There are several varieties of families of this fowl. The Hamburg Cock has a beautiful tuft of feathers about his ears and on the top of his head; and the Bantam has his legs and toes entirely feathered, which is more an impediment than an ornament to the bird.

The cruel sport of cockfighting may be traced back to the earliest antiquity. The Athenians seem to have received it from India, where it is even now followed with a kind of frenzy; and we are told that the Chinese will sometimes risk not only the whole of their property, but their wives and children, on the issue of a battle. The religion of the Greeks could not see that game with pleasure, and therefore cockfighting was allowed only once a year; but the Romans adopted the practice with rapture, and introduced it into this island. Henry VIII. delighted in this sport, and caused a commodious house to be built for the purpose, which, although now applied to a very different use, still retains the name of the Cockpit.
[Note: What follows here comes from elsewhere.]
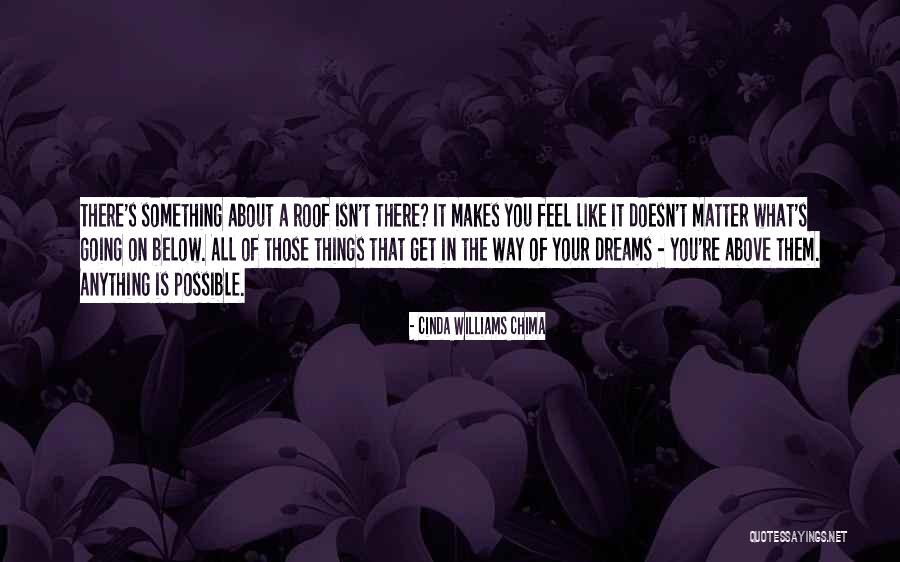 Cinda Chima Quotes By Cinda Williams Chima Cinda Chima Quotes By Cinda Williams Chima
The part of our ships so called, seems also to indicate that in former times the diversion of cockfighting was permitted, in order to beguile the tedious hours of a long voyage. The Cock has been a subject of considerable interest with the poets; and has been very commonly called by them “Chanticleer:”

“Within this homestead lived, without a peer
For crowing loud, the noble Chanticleer.” Dryden.

“The feathered songster, Chanticleer,
Had wound his bugle-horn,
And told the early villager
The coming of the morn.” Chatterton.